The problem faced by Southwest is one of those “good” problems to have. The only reason they are having a problem is because they are so good at what they do. Other airlines want desperately to imitate what they are doing operationally so that they can achieve the same profits they are enjoying. The competition itself really isn’t the most pressing issue for Southwest. It really comes down to two things: 1) can Southwest sustain its family culture as it grows and 2) how can it convince the outside world (the investment community) of that it can sustain it?
From the competition front, I think believe that Southwest is absolutely fine. Even if United and Continental can “cherry pick” some of the frequent flyers, Southwest has nothing to worry about in the long run. The reason why I believe that the competition won’t be troublesome for long is because of the following:
- Neither Continental nor United have the employee focus necessary to pull off the team and family spirit, mutual respect and overall trust so evident at Southwest.
- Neither Continental nor United have the Union relationship to ensure that each key area of employee service will work together. Thus, there can be no “enforceable” system that ensures that the pilots and flight attendants pitch in in other areas necessary. That said, there will always be some dedicated employees that will go above and beyond because they are so committed to the organization.
- The other airlines don’t pay by the flight. By paying by the flight, Southwest is encouraging their flight attendants and pilots to be more flexible with their schedules so that they can increase their monthly pay (by taking more flights—which should be shorter than that of their competitors).

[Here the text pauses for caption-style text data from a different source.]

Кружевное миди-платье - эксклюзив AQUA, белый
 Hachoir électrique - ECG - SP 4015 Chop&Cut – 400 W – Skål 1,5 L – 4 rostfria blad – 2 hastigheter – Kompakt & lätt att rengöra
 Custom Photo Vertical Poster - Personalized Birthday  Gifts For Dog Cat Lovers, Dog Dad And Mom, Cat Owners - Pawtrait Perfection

- While not stated, I am certain that neither Continental nor United provides the amount of training and cross training that Southwest provides.
- Both organizations are focused solely on operating efficiency, not necessarily on satisfying either the employee or the customer.

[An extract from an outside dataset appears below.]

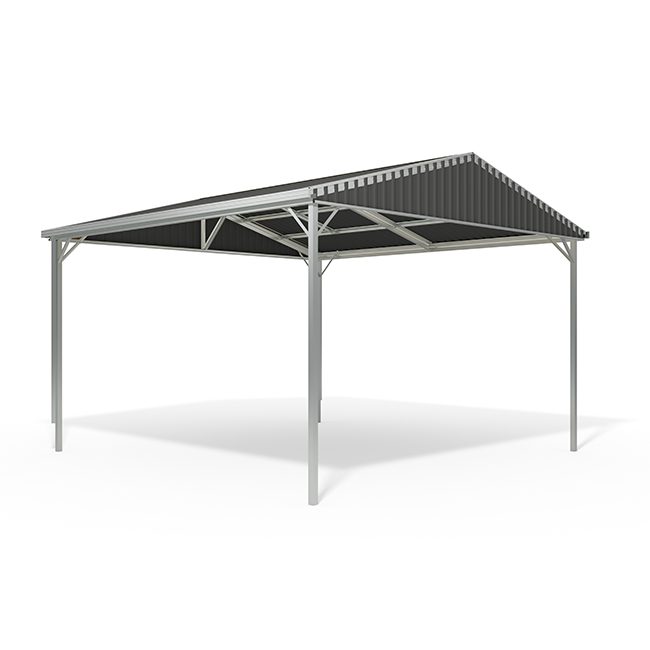 Double Gable Roof Carport Cyclonic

- This “short haul” focus is almost a paradigm shift for Continental—and one they forgot to tell their best customers (frequent flyers) about according to the story. It’s never good to surprise the customer, unless it means you are giving them a benefit they didn’t expect to receive—clearly not the case here.
Here are some questions I would have for Ann Rhoads: While logic would dictate that your people are your competitive advantage, why are you so convinced that you need to transform the People Department? It would seem me that, based on the data presented, you are doing everything right. What makes you think changes are needed? Because the outside world is worried that you are too good?
There is one thing that I think that Southwest should be worried about but they haven’t discussed… that’s that they are very touchy feely folks. Should they accidently let the wrong person into “the club”, they could have a lawsuit on their hands.
So after all of this, what do I think that southwest should do? Ask the employees and ask the customers. They need to understand exactly why customers are using Southwest rather than the competitors. They also need to model their customers so that they truly understand who these customers are and how loyal they are to Southwest. If they are concerned at all that they are getting too big for their britches, they should have more employee focus groups—basically do more of what they are doing, not shake things up.
Now, in relation to the second article, I think they should be worried about what happens when Herb leaves. Will his culture leave with him? That will be their ultimate challenge.